Of course it is not bullshit, and you know it. The Raw camera RGB is profiled, and that can be expressed as a gamut by plotting the hull and calculating the size.
When I stated we both knew it was BS, I assumed you understood the subject, sorry
Raw image data is in some native camera color space, but it is not a colorimetric color space, and has no single “
correct” relationship to colorimetry. The same thing could be said about a color film negative. Someone has to make a choice of how to convert values in non-colorimetric color spaces to colorimetric ones. The choice is that I've asked about, the web page you provide didn't answer the question. There are better and worse choices, but no single correct conversion (unless the “
scene” you are photographing has only three independent colorants, like when we scan film).Cameras don’t have primaries, they have spectral sensitivities, and the difference is important because a camera can capture all sorts of different primaries. Two different primaries may be captured as the same values by a camera, and the same primary may be captured as two different values by a camera (if the spectral power distributions of the primaries are different). A camera has colors it can capture and encode as unique values compared to others, that are imaginary (not visible) to us. There are colors we can see, but the camera can't capture that are imaginary to it. Most of the colors the camera can "see" we can see as well. Yet some cameras can “see colors“ outside the spectral locus however every attempt is usually made to filter those out. Most important is the fact that cameras “
see colors“ inside the spectral locus differently than humans.
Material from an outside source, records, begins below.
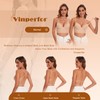 Low Back Bra for Women-Seamless Invisiable Backless Bras-Lightly Lined No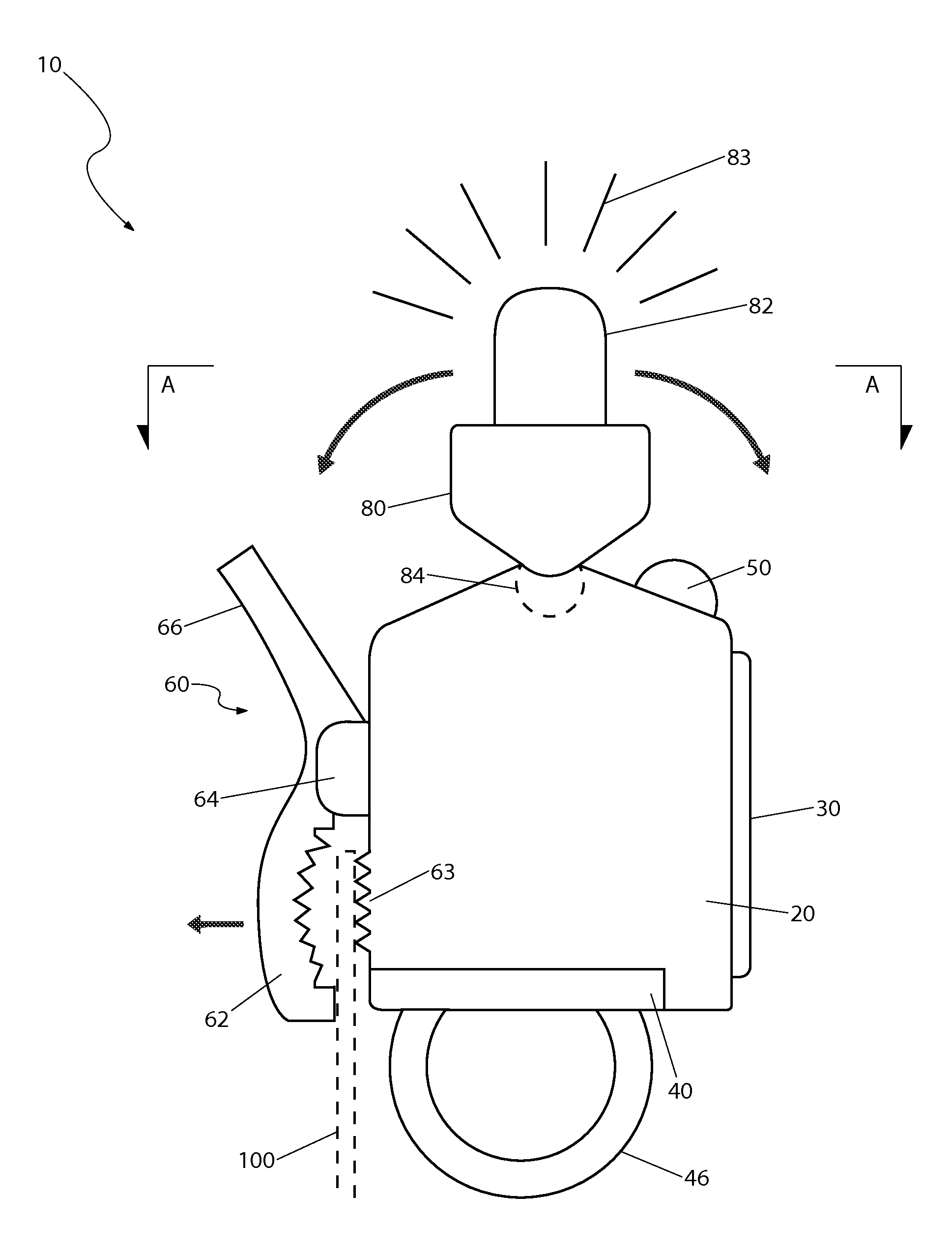 Solar Powered Attachable Light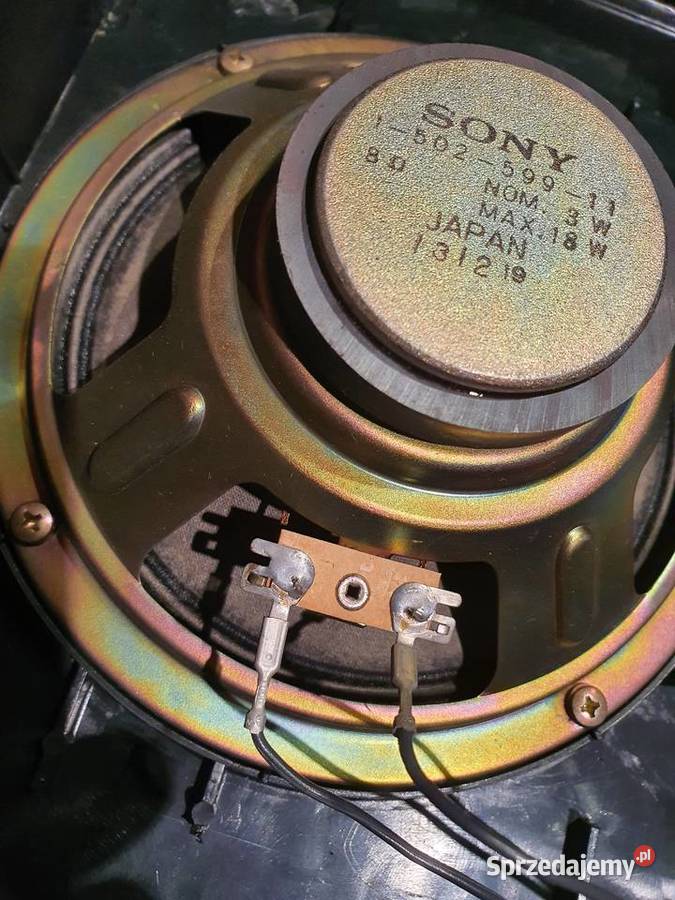 Stare kolumny Sony Passive Radiator Speaker Łódź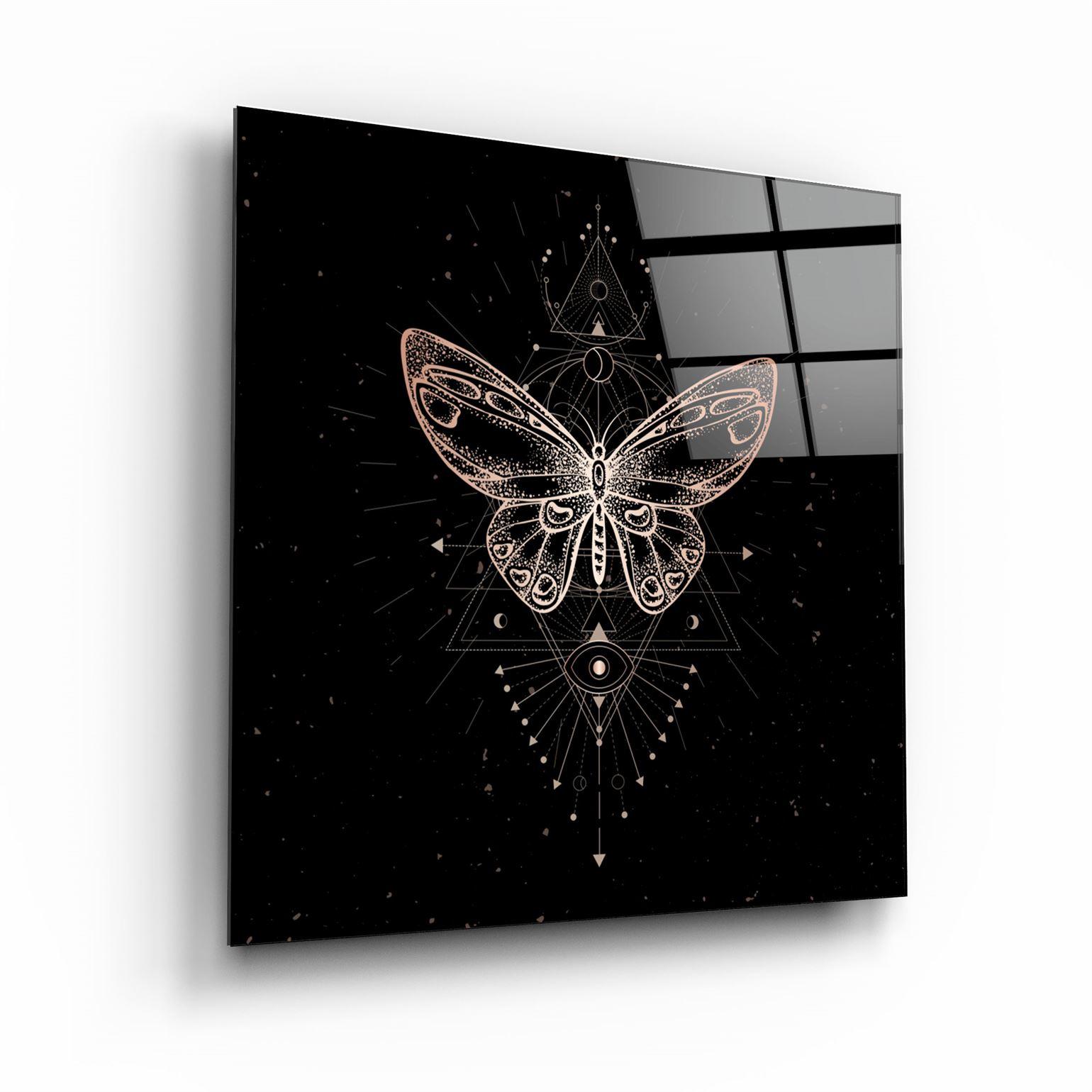 ・"Butterfly Signs"・Glass Wall Art - ArtDesigna Glass Printing Wall Art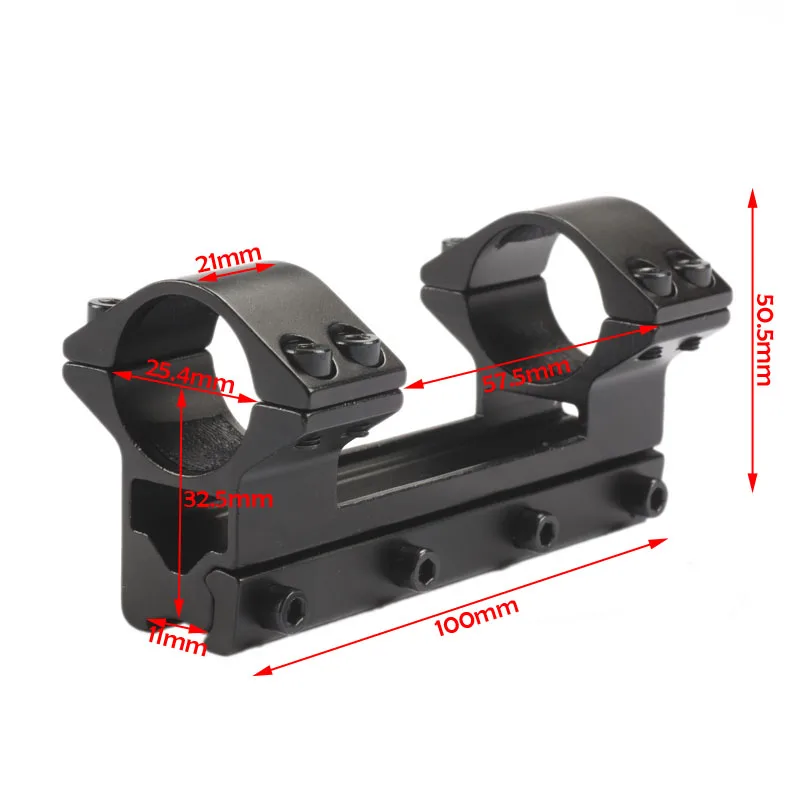 25.4mm Double Scope Rings Higher Profile Dovetail 11mm Rail Gun Rifle Hunting Accessories Caza | Спорт и развлечения
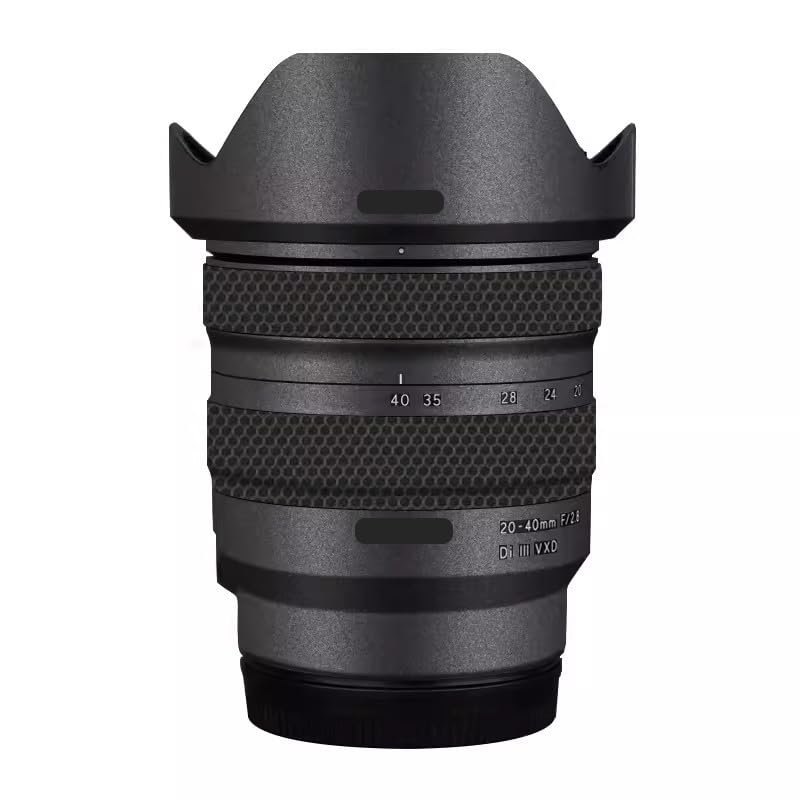 Camera Lens Sticker Coat Wrap Protective Film Body Protector Decal Skin for Tamron 20-40mm F2.8 fit for Sony Mount 20-40 F 2.8(Deep Gray)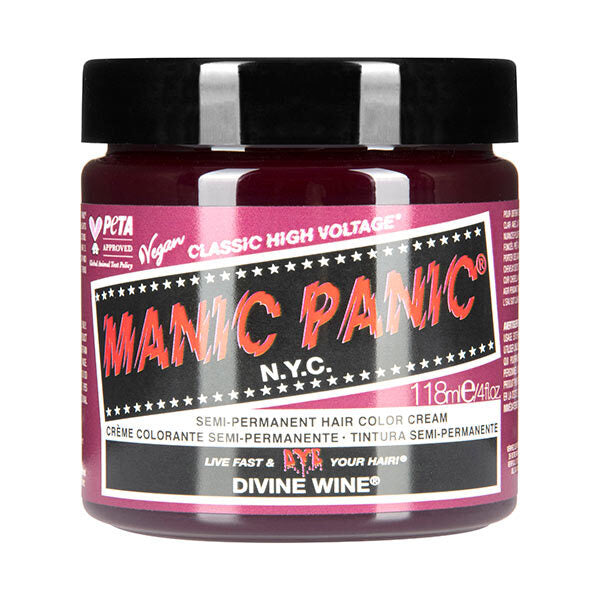 Manic Panic Divine Wine Hair Dye 118ml, imported from the UK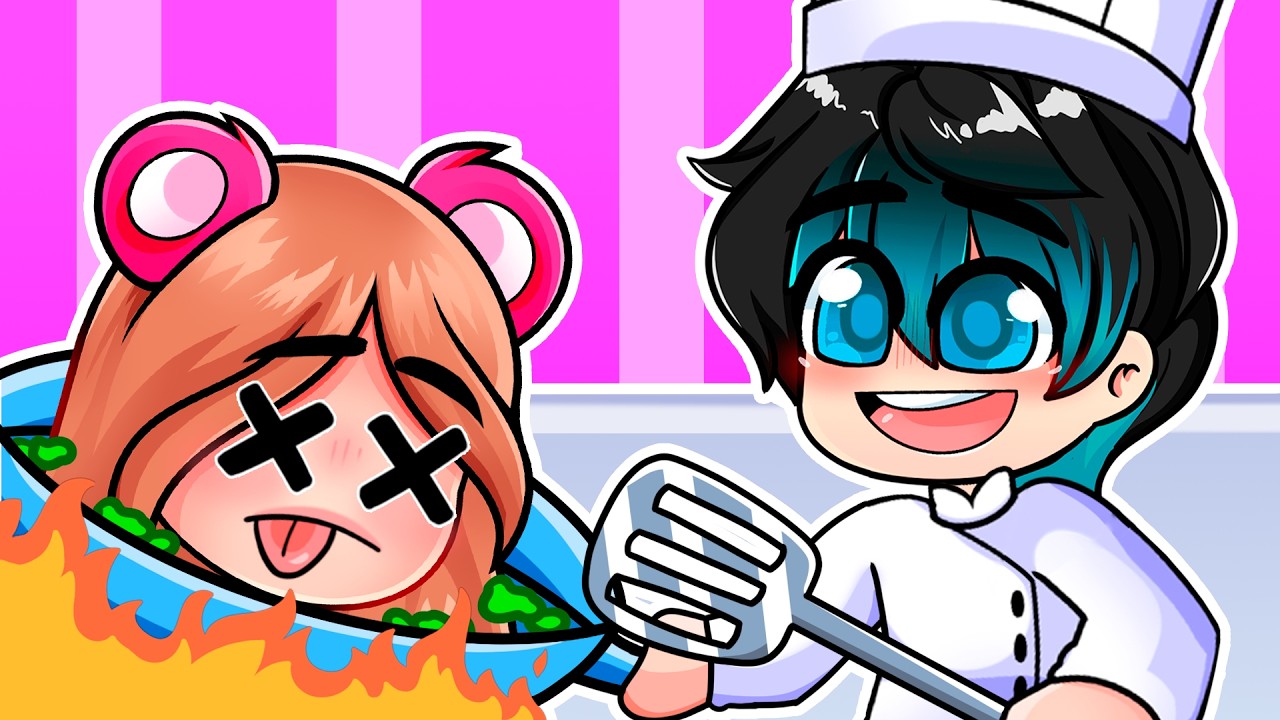 ¡COCINO a MI NOVIA en ROBLOX! 🍳😱 COCINA LOCA EN ROBLOX con Lovely Ela (CRAZY CHEFS ROBLOX)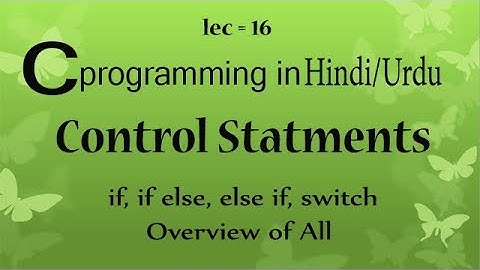control statements hindi/urdu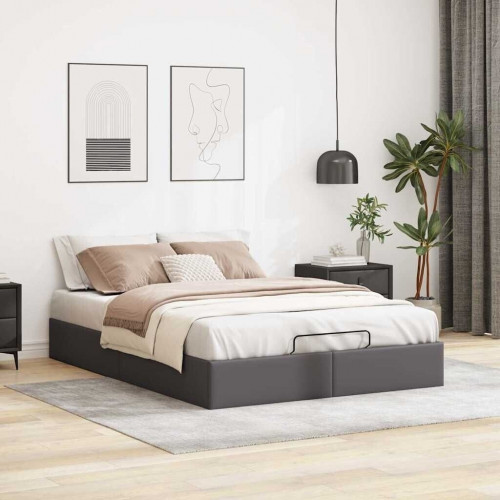 vidaXL Ottoman Bed without Mattress, 140x200 cm, Faux Leather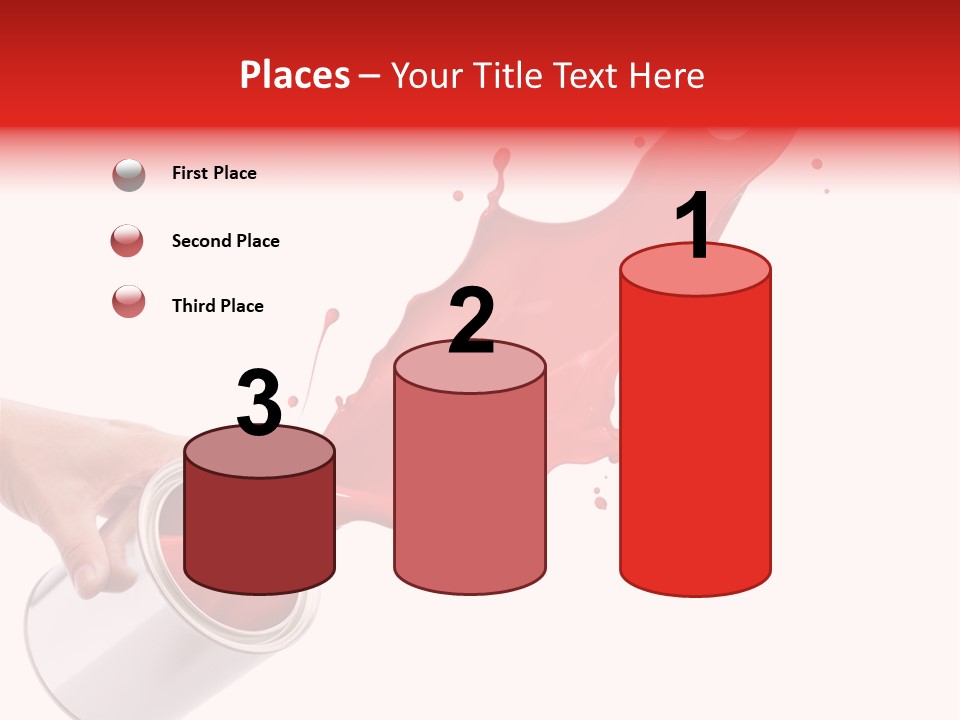 Splash Drop Can PowerPoint Template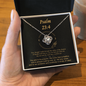 Psalm 23_4 To My Beautiful Mom (Knot Beauty) Necklace Template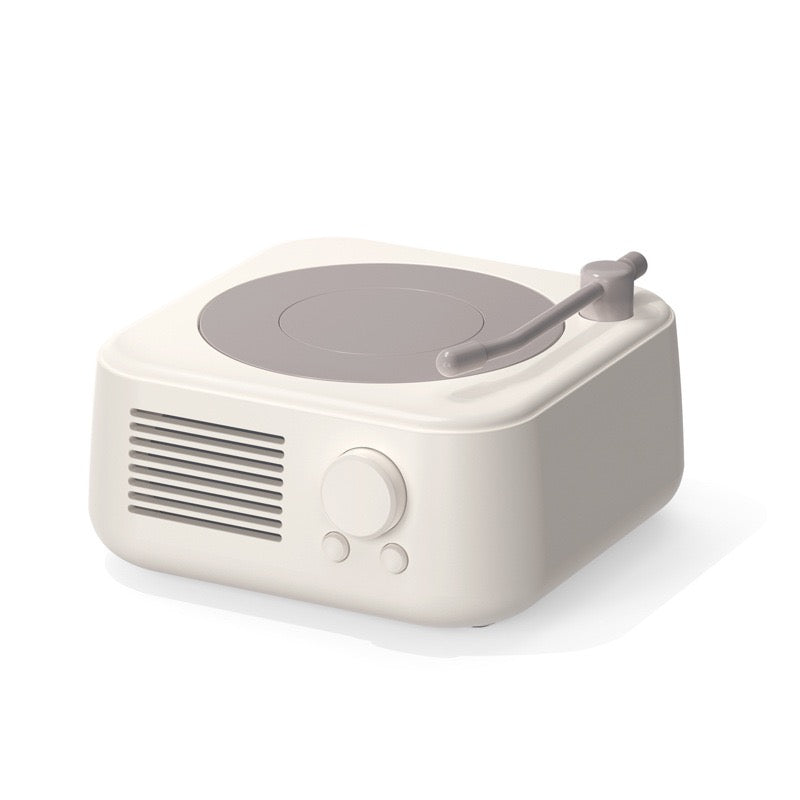<< READY STOCK >> Round X17 Vintage Vinyl Player Bluetooth Speaker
No shipping camera that I know of meets the Luther-Ives condition. This means that cameras exhibit significant observer metamerism with respect to humans. The camera color space differs from a more common working color space in that it does not have a unique one to one transform to and from CIE XYZ. This is because the camera has different color filters than the human eye, and thus "
sees" colors differently. Any translation from camera color space to CIE XYZ space is therefore an approximation. What is the CIE XYZ space?
The point is that if you think of camera primaries you can come to many incorrect conclusions because cameras capture spectrally. On the other hand, displays create colors using primaries. Primaries are defined colorimetrically so any color space defined using primaries is colorimetric. Native (raw) camera color spaces are almost never colorimetric, and therefore cannot be defined using primaries. Therefore, the measured pixel values don't even produce a gamut until they're mapped into a particular RGB space. Before then, *all* colors are (by definition) possible.
So no, whatever processing
COLOR SPACE I've asked about isn't the same or even similar to that
captured by a camera sensor! Adobe for whatever reason has no issue telling it's users what the actual color space for
processing is utilized: ProPhoto RGB primaries with a 1.0 TRC. C1's page was written with ambiguities and marketing BS.